In “Shade” he writes: “I swear: when you leave me alone, every part of my body is having its own nightmare.” His clean, micro-specific poems restore my faith in an art form that many have left for its oversentimentality, a slice of stale cake that has been left out too long. Some of his lines are brilliant in their simplicity: “Glass is a liquid actually. So earlier, when you said being around me was like eating glass, you really meant drinking.” For all the overly careful writing of the literary world, much of it never really touches on uncensored human emotion. But that's not true in Gendron’s case. He is obsessively concerned about the precision of his words, demanding that they convey something real.
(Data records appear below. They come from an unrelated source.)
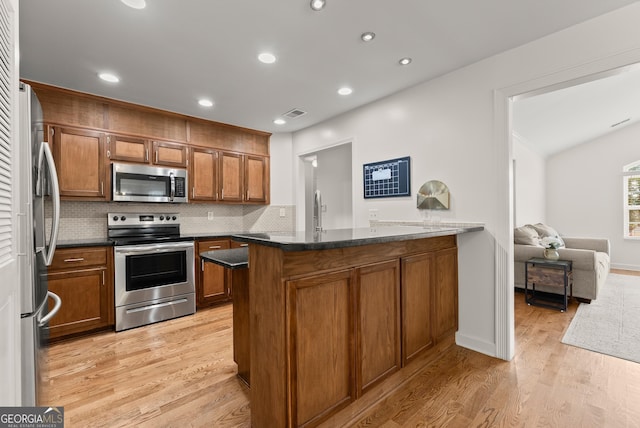 2605 Fort Apachee Trl, Dacula, GA 30019 - kitchen featuring stainless steel appliances, a peninsula, brown cabinetry, light wood-type flooring, and decorative backsplash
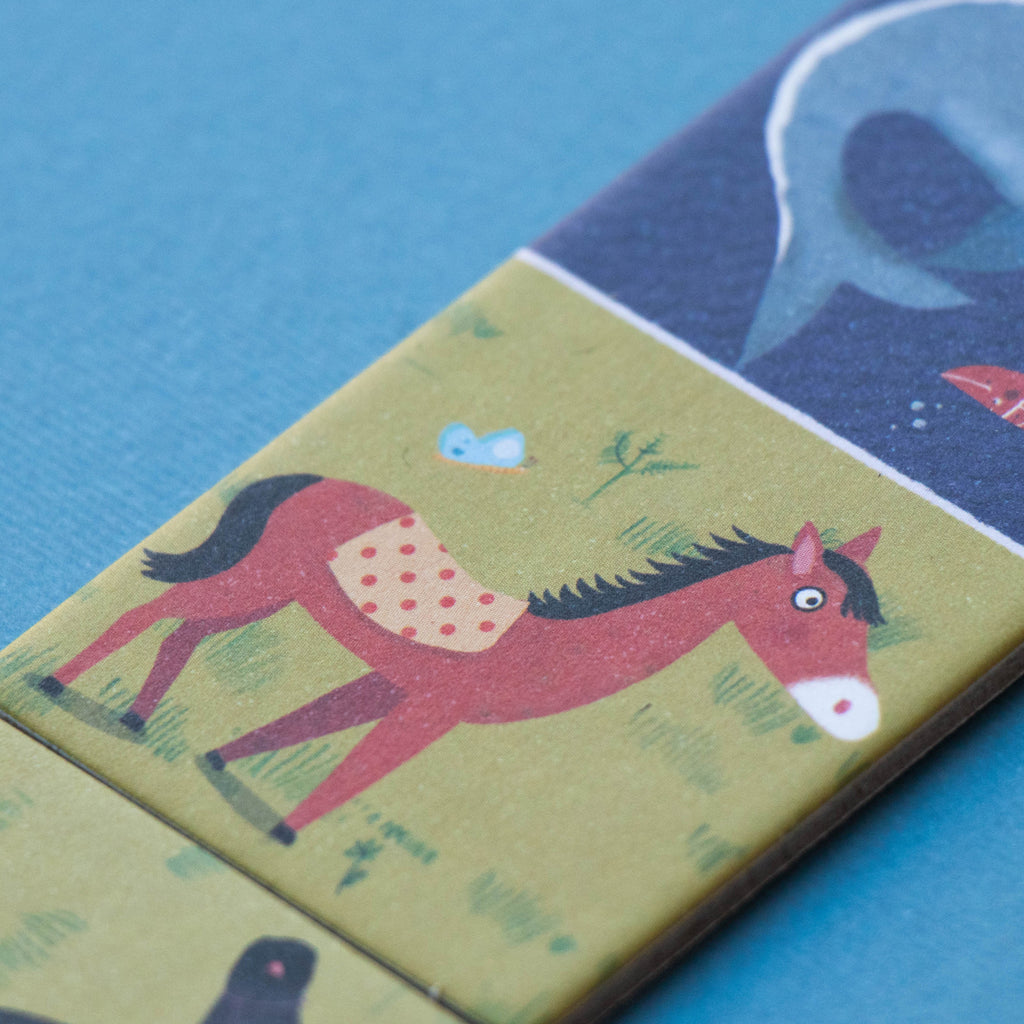 Close-up of Londji domino piece featuring a horse and a dolphin – A beautifully illustrated domino tile with a brown horse and a dolp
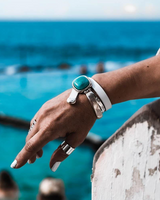 Hand with bracelets and rings against a blurred ocean background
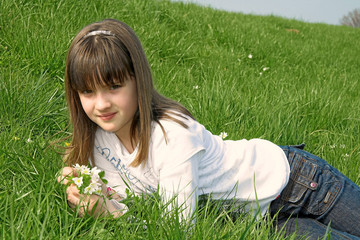 Fototapeta premium Mädchen liegt im Gras mit Blumen in der Hand
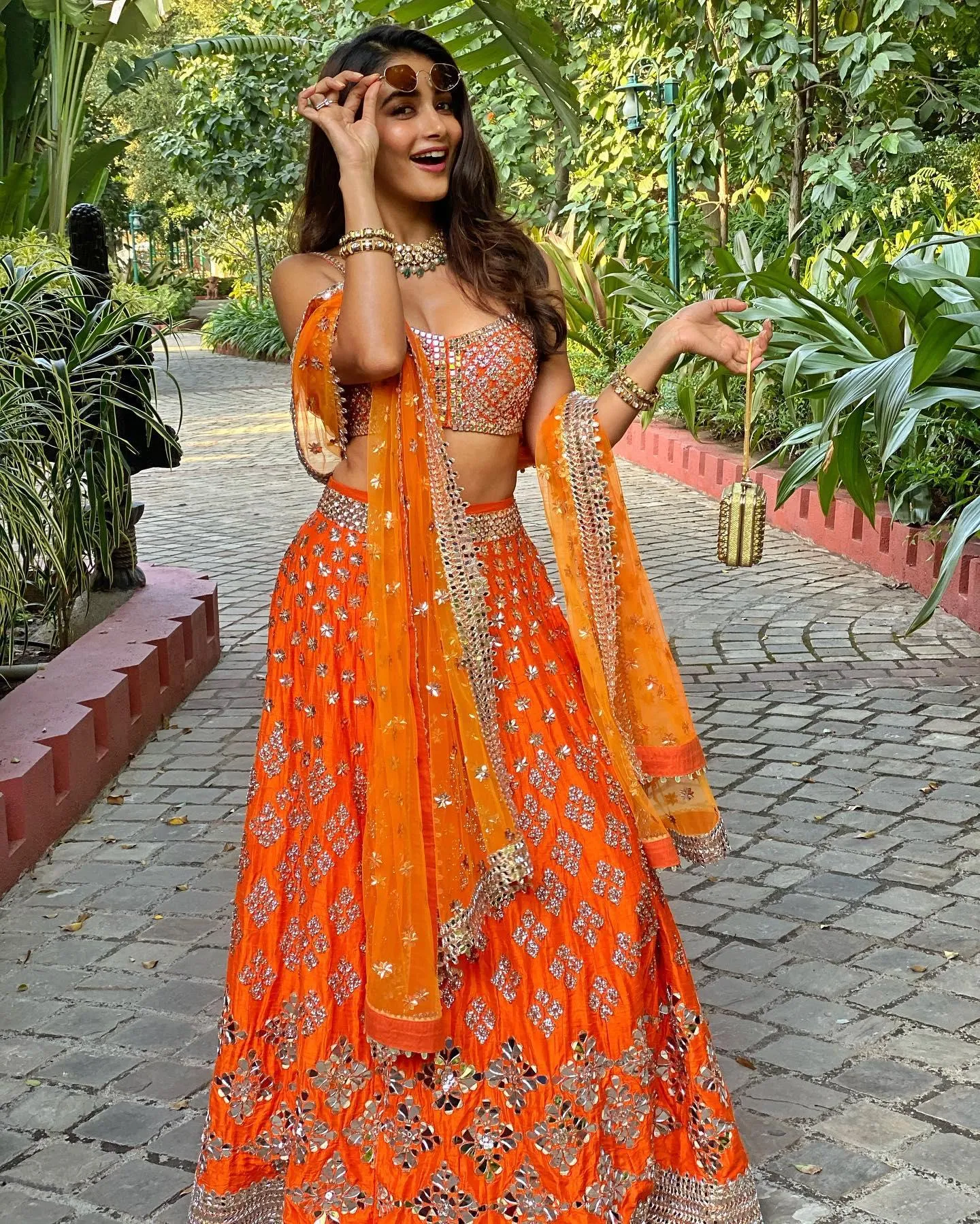 Pooja Hegde in Vibrant Orange Lehenga Walking Garden Path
Other lines reel with a surrealism that lends clarity rather than confusion: “I love you like an asshole/loves his best friend the sun./Is half your face his?/Turn it away./Is half your car his?/Sell it for cash./Love sews the faces of burn victims with moonlight and sexual hope/until they’re perfect, gleaming/teeth in the Human Chandelier./It’s a strange feeling, wanting/to kill someone.” It’s a brilliant summation of what it’s like to be with someone. In a genre where the superfluous relationship poem reigns supreme, I get a love poem that I can believe in, finally.

Be a smart, dumb cat!
Gendron aspires to be what rapper Ghostface calls the smart dumb cat. Instead of getting lost in the ether of lofty post-modern jargon, his readers get revelations about desire, car crashes, the Internet and isolation at parties. What Gendron deems “the ill-logic and deformed language” in Sexual Boat (Sex Boats) takes us on a journey through adulthood (eating anger and cancer scares included), the World Wide Web, and the dark crevices in between. When you finish it you will feel like, in Gendron’s words, “the germs seen by the beautifulest person on the bus, who is never me,” and that is just one of his many startling lines and insights that will shake off any preconceived notions about poetry. If only every poet applied the smart dumb cat philosophy, and with as much vision and skill as Gendron.